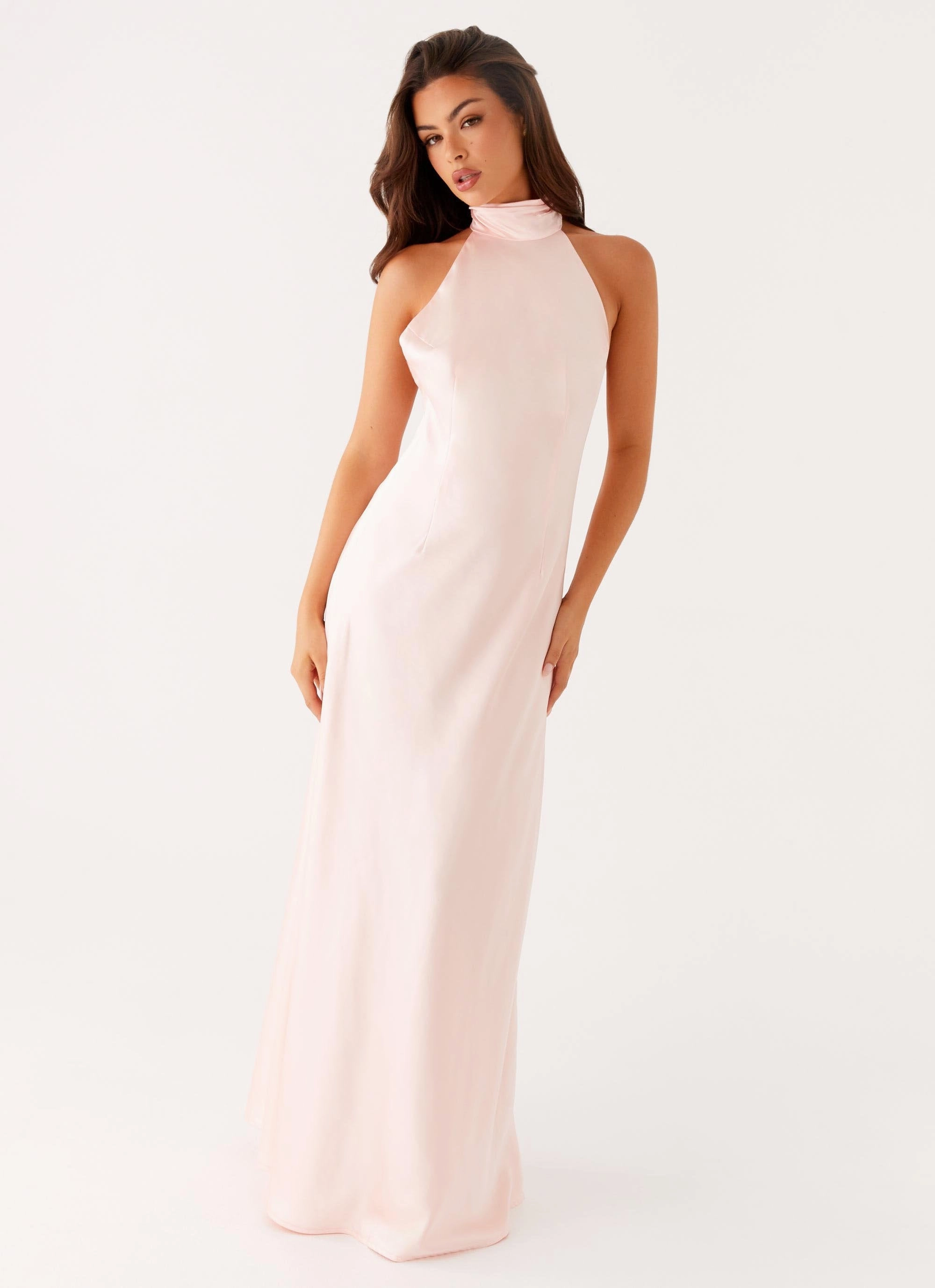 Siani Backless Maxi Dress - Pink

--

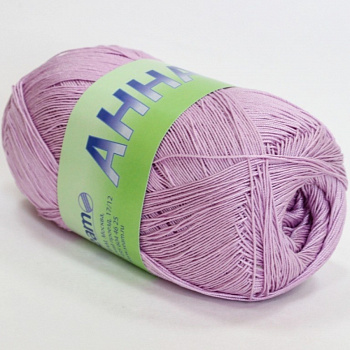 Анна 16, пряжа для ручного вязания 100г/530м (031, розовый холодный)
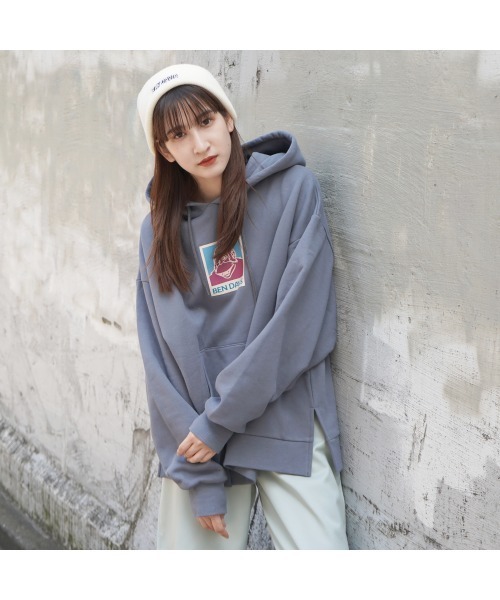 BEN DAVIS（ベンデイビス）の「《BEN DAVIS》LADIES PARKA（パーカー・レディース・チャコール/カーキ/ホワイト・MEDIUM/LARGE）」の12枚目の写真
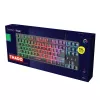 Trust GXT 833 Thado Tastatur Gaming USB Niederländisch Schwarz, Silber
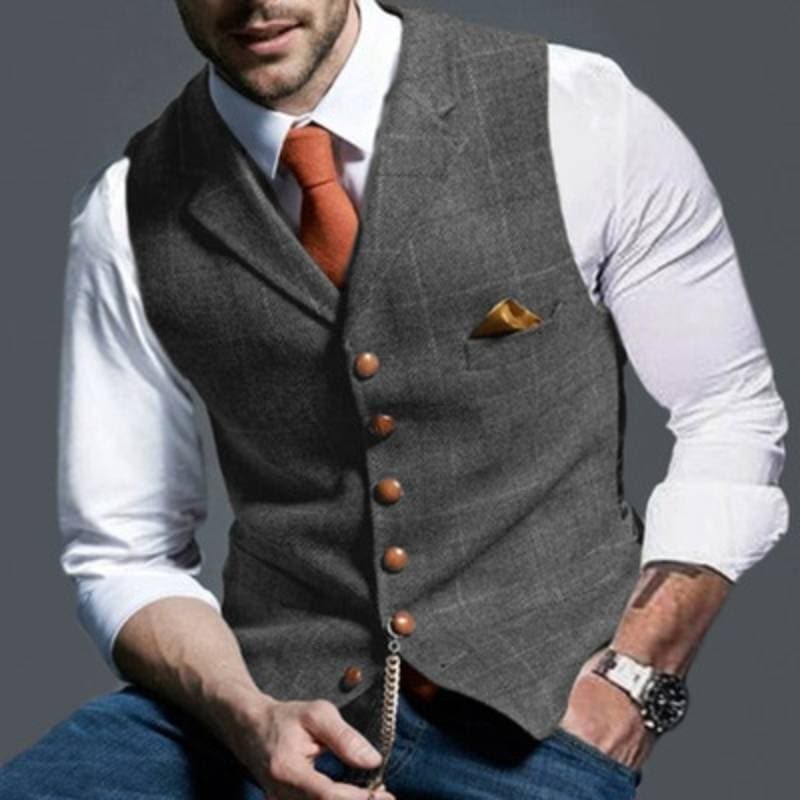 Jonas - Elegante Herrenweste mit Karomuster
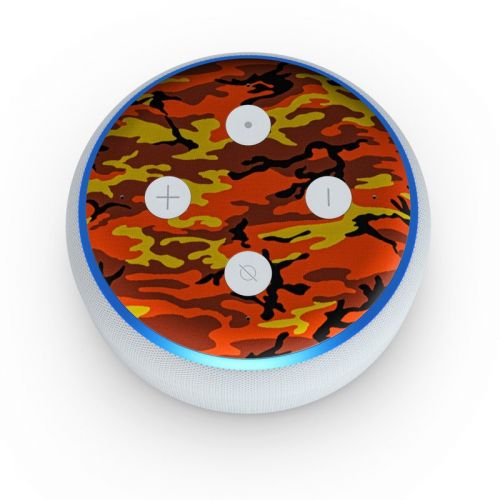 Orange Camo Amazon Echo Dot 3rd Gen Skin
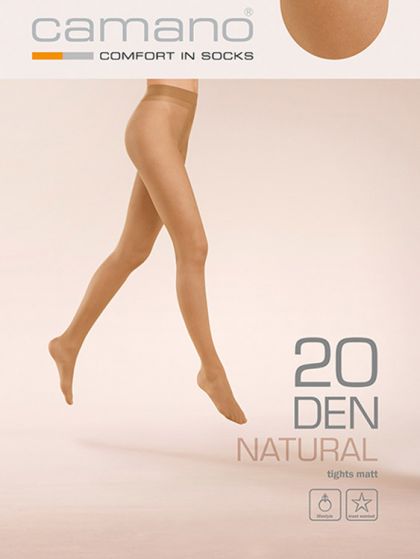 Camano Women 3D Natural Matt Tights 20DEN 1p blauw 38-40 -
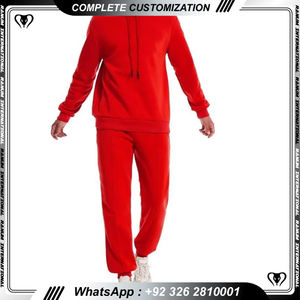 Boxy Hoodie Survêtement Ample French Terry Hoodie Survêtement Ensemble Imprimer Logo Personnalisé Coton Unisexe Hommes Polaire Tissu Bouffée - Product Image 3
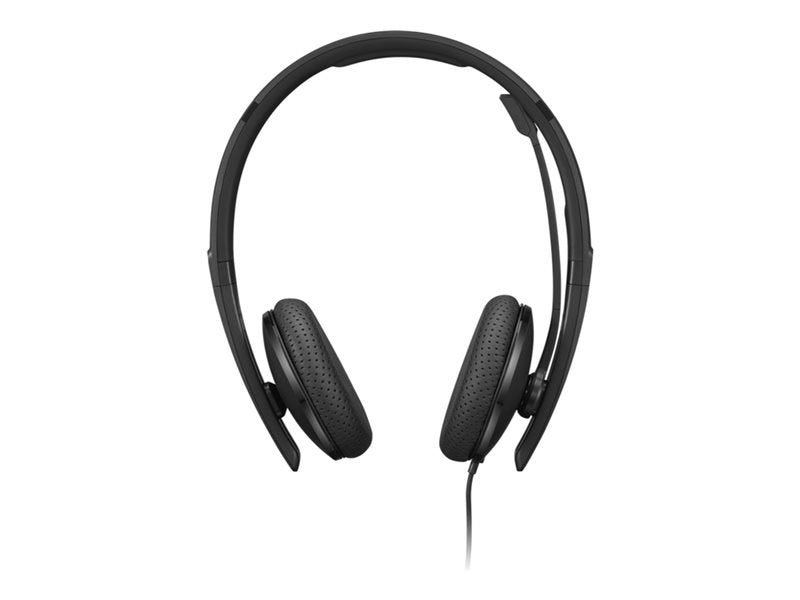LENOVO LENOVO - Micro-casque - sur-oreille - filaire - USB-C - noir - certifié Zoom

--

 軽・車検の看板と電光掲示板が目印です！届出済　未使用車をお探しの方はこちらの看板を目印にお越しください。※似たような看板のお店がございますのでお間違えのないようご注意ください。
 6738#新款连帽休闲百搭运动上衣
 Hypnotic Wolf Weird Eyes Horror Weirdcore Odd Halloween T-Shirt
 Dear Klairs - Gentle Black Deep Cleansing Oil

*Task item*
Lines wanted from the entries above: the one with "BEN DAVIS（ベンデイビス）の「《BEN DAVIS》LADIES", the one with "LENOVO LENOVO - Micro-casque", and all lines between. Please copy them exactly, without the pictures and without anything else.

*Written solution*
 BEN DAVIS（ベンデイビス）の「《BEN DAVIS》LADIES PARKA（パーカー・レディース・チャコール/カーキ/ホワイト・MEDIUM/LARGE）」の12枚目の写真
 Trust GXT 833 Thado Tastatur Gaming USB Niederländisch Schwarz, Silber
 Jonas - Elegante Herrenweste mit Karomuster
 Orange Camo Amazon Echo Dot 3rd Gen Skin
 Camano Women 3D Natural Matt Tights 20DEN 1p blauw 38-40 -
 Boxy Hoodie Survêtement Ample French Terry Hoodie Survêtement Ensemble Imprimer Logo Personnalisé Coton Unisexe Hommes Polaire Tissu Bouffée - Product Image 3
LENOVO LENOVO - Micro-casque - sur-oreille - filaire - USB-C - noir - certifié Zoom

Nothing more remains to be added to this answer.